While most races provide aid stations with water or Gatorade along the course, it isn’t always as easy to quench your thirst when you’re running on your own. Fortunately, there are lots of options for carrying water with you — handheld bottles, of course, but also more technical waist packs, and even vests. Andy Waterman, a marathoner and head of content at the running apparel brand Tracksmith, explains one reason why you might consider wearing a so-called hydration pack: “They let you explore new routes where water might not be available while still practicing with the fuel you’ll use on race day.”

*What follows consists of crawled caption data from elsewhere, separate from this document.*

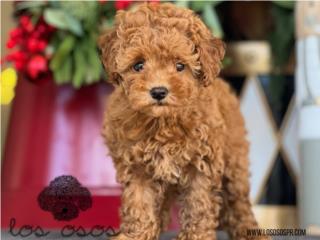 Puerto Rico Toy Poodle chiquita! - Los Osos PR, Perros Gatos y Caballos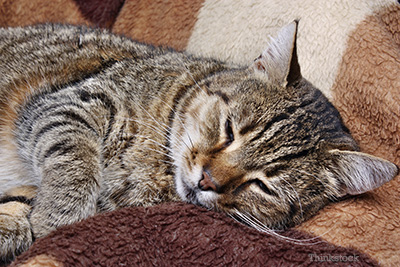 Pregnant cat laying down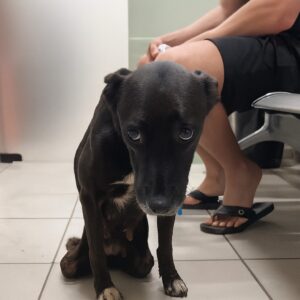 Wounded Dog’s Fight for Pups With Hind Legs Useless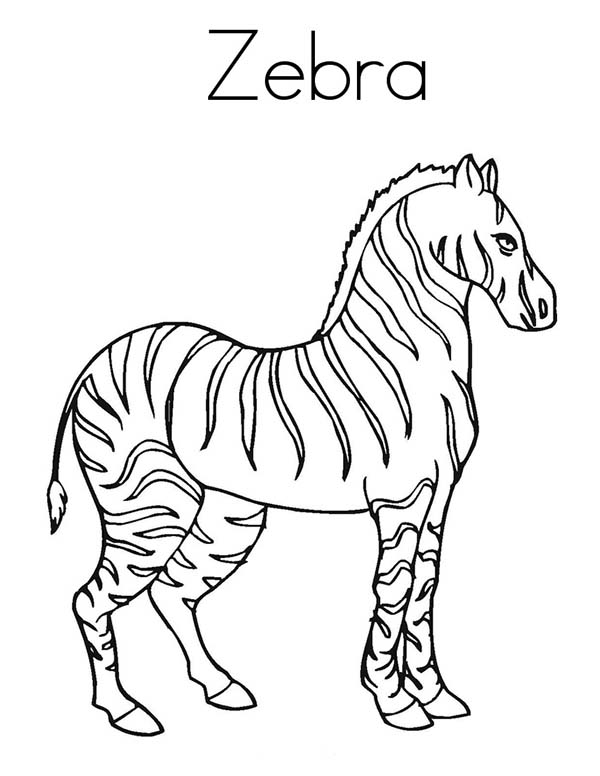Cebra #2587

Choosing what to use to stay hydrated on a run is largely a matter of personal preference. Some might prefer the minimalist convenience of a handheld bottle, while others may want to go hands-free with a backpack-style vest or a belt with space to stash your phone, keys, and energy gels. Whatever you choose, though, it’s important to consider its capacity, as you’ll need more water if you’re running longer or when it’s very hot out. “Determine your fluid needs, choose the appropriate size, and then prioritize comfort,” advises running coach Jason Fitzgerald. To find the best of each kind, we asked Waterman, Fitzgerald, and six more runners what they use to stay hydrated while training.
Best overall hydration waist pack
Waterman says waist packs are “the Goldilocks combination of being hands-free without adding extra layers across your body like [a vest].” They generally can hold more water than a handheld bottle, but less than a vest, making them a solid choice for marathon training. Bette Clark, co-team captain and former president of Van Cortlandt Track Club, says one advantage of a waist pack is that “you can carry gels, cell phone, [and] money” in addition to a fluid, but she cautions that hydration waist packs “can loosen and or bounce if not positioned just right.” Waterman recommends this Camelbak style that has a generously sized zipper pocket for other essentials, and is easily adjustable for a perfect fit on any body. Plus, it comes with the brand’s popular Podium Chill water bottle — which I and other runners I know have used and praise highly, because it’s insulated to keep water cold longer and has a twist-to-close valve that prevents spillage while you’re moving (Waterman says the 21-ounce bottle stores enough water to get him through a 20-mile marathon training run).
Best hydration waist pack with a collapsible bottle
Designed in collaboration with ultrarunner Rob Krar, this belt comes with a soft bottle that collapses down flat when it’s empty. Clark loves how the wide belt sits securely against her back and has a pocket on the opposite side for storing keys and a phone. Its smaller Velcro pouches can hold energy gels, and thanks to their loop straps, Clark says, “you can even hitch a cap or light jacket to the pack.”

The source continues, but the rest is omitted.